“I thought that all of the stone circles in Britain had been recorded,” said Calloway. “But I’ve never heard of this one.”
“No,” said Wayt. “Not many outsiders have. Successive landowners have been very tight-lipped about it. It was only after the war that it was discovered. Pure chance, really. An RAF spotter plane was testing some new kind of camera by taking a series of coastal photos. They got some very good shots of the site. There was nothing classified about the pictures and so the pilot passed them to his elder brother who published a specialist magazine. The archaeological world went wild. I was still a student at the time and my imagination was certainly fired.
“Every university in the country made a bid to get a team in here, but despite all the pressure brought to bear on him, the late Sir Peter remained adamant. Nobody was allowed onto his land. He kept armed gamekeepers here for a few years and I think that quite a number of eminent men found themselves picking shot out of their backsides.
“Of course, all that was a long time ago, and eventually most of the archaeology departments gave it up as a lost cause and forgot about it. I never did. I kept tabs on the place through the years, even taking the trouble to research into Sir Peter’s family so that I knew who his heir was.

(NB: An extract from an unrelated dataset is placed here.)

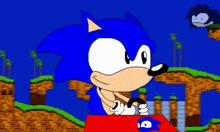Sonic In Car Speed GIF - Sonic In Car Speed Sonicmark GIFs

As soon as the old boy snuffed it, I had a cablegram on the way to Australia. Anyway, come along both of you and see for yourselves.”
As we neared “Dad,” I noticed that the lower slopes were thickly covered not only with the short, scrubby olive-coloured grass common to the southern chalklands but also with a profusion of gorse, brambles and wild flowers. I expected our ascent to be heavy going.
And then Wayt pointed out a well-beaten pathway of hard-packed, dusty earth. With young Porter leading the way and Wayt bringing up the rear, we began to climb. The path was as firm underfoot as any concrete pavement.
“Now this is peculiar,” mused Calloway. “Here’s a place supposedly banned to outsiders for God knows how long, and apparently avoided by the locals, yet this pathway is so well established that it’s completely devoid of plant growth.”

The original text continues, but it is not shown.